■ **ASSIGNED TASK**
Give the records again exactly, but drop the pictures.

■ **RECORD EXTRACTS**
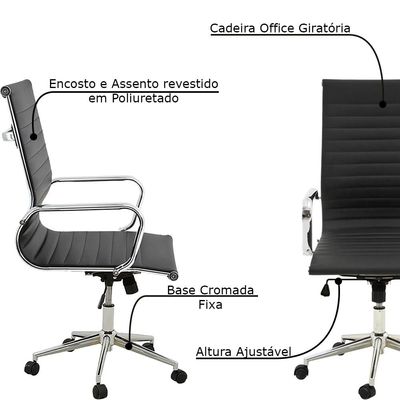 Cadeira Executiva Escritório Royal PU Sintético Preta - Gran Belo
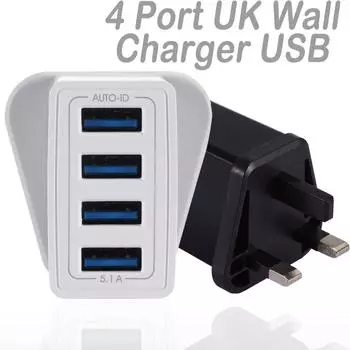 Настенное зарядное устройство для Великобритании USB-адаптер 4 порта Muti 5.1A Станция быстрой зарядки Зарядка питания чёрный
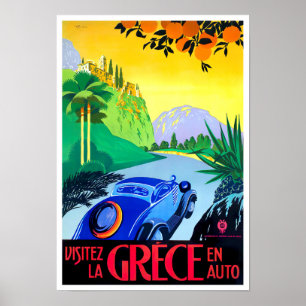 Besök Grekland med bil vintage resor Poster
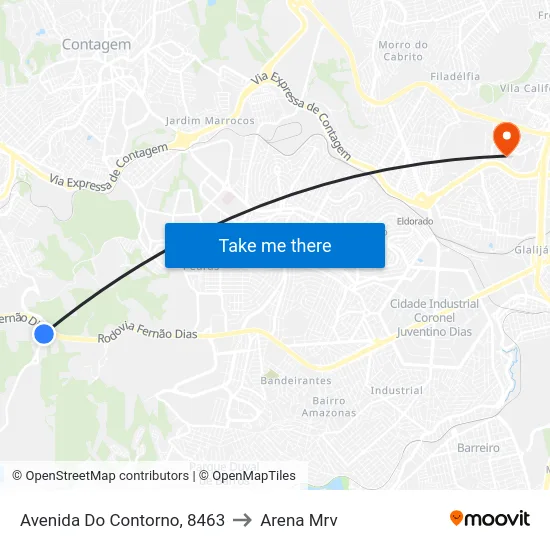 Avenida Do Contorno, 8463 to Arena Mrv map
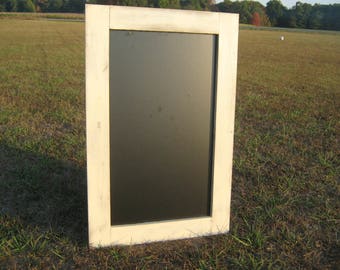 Chalk board, rustic navajo white. Chalkboard, distressed finish. Marker board, black board, message center.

■ **WRITTEN ANSWER**
 Cadeira Executiva Escritório Royal PU Sintético Preta - Gran Belo
 Настенное зарядное устройство для Великобритании USB-адаптер 4 порта Muti 5.1A Станция быстрой зарядки Зарядка питания чёрный
 Besök Grekland med bil vintage resor Poster
 Avenida Do Contorno, 8463 to Arena Mrv map
 Chalk board, rustic navajo white. Chalkboard, distressed finish. Marker board, black board, message center.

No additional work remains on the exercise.